**MATERIAL FOR THE TASK**
········

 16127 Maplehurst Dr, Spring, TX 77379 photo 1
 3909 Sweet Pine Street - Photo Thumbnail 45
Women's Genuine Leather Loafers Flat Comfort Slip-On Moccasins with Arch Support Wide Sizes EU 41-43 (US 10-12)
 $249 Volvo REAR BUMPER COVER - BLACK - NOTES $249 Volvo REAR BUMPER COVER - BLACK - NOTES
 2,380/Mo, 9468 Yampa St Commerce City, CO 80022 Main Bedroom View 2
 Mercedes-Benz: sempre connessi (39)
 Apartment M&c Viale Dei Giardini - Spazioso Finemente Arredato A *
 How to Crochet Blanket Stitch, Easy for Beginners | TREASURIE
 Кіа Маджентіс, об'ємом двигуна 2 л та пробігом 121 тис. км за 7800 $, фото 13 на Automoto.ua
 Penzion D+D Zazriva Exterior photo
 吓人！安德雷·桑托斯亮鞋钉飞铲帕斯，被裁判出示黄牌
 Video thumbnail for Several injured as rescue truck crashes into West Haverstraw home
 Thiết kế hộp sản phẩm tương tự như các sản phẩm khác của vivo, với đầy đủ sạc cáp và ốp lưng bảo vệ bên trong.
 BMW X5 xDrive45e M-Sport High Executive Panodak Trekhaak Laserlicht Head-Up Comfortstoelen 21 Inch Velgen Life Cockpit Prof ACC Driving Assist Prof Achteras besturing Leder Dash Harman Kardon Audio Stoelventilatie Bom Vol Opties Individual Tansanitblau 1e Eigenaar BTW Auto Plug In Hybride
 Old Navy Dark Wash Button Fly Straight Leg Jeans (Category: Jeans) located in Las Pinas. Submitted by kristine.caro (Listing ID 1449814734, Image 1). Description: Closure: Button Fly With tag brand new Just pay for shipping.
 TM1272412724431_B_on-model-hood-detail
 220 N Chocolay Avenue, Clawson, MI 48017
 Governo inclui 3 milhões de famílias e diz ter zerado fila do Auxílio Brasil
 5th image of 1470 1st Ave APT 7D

········

Return the entries in full. Do not alter them.

**EXERCISE RESPONSE**
 16127 Maplehurst Dr, Spring, TX 77379 photo 1
 3909 Sweet Pine Street - Photo Thumbnail 45
Women's Genuine Leather Loafers Flat Comfort Slip-On Moccasins with Arch Support Wide Sizes EU 41-43 (US 10-12)
 $249 Volvo REAR BUMPER COVER - BLACK - NOTES $249 Volvo REAR BUMPER COVER - BLACK - NOTES
 2,380/Mo, 9468 Yampa St Commerce City, CO 80022 Main Bedroom View 2
 Mercedes-Benz: sempre connessi (39)
 Apartment M&c Viale Dei Giardini - Spazioso Finemente Arredato A *
 How to Crochet Blanket Stitch, Easy for Beginners | TREASURIE
 Кіа Маджентіс, об'ємом двигуна 2 л та пробігом 121 тис. км за 7800 $, фото 13 на Automoto.ua
 Penzion D+D Zazriva Exterior photo
 吓人！安德雷·桑托斯亮鞋钉飞铲帕斯，被裁判出示黄牌
 Video thumbnail for Several injured as rescue truck crashes into West Haverstraw home
 Thiết kế hộp sản phẩm tương tự như các sản phẩm khác của vivo, với đầy đủ sạc cáp và ốp lưng bảo vệ bên trong.
 BMW X5 xDrive45e M-Sport High Executive Panodak Trekhaak Laserlicht Head-Up Comfortstoelen 21 Inch Velgen Life Cockpit Prof ACC Driving Assist Prof Achteras besturing Leder Dash Harman Kardon Audio Stoelventilatie Bom Vol Opties Individual Tansanitblau 1e Eigenaar BTW Auto Plug In Hybride
 Old Navy Dark Wash Button Fly Straight Leg Jeans (Category: Jeans) located in Las Pinas. Submitted by kristine.caro (Listing ID 1449814734, Image 1). Description: Closure: Button Fly With tag brand new Just pay for shipping.
 TM1272412724431_B_on-model-hood-detail
 220 N Chocolay Avenue, Clawson, MI 48017
 Governo inclui 3 milhões de famílias e diz ter zerado fila do Auxílio Brasil
 5th image of 1470 1st Ave APT 7D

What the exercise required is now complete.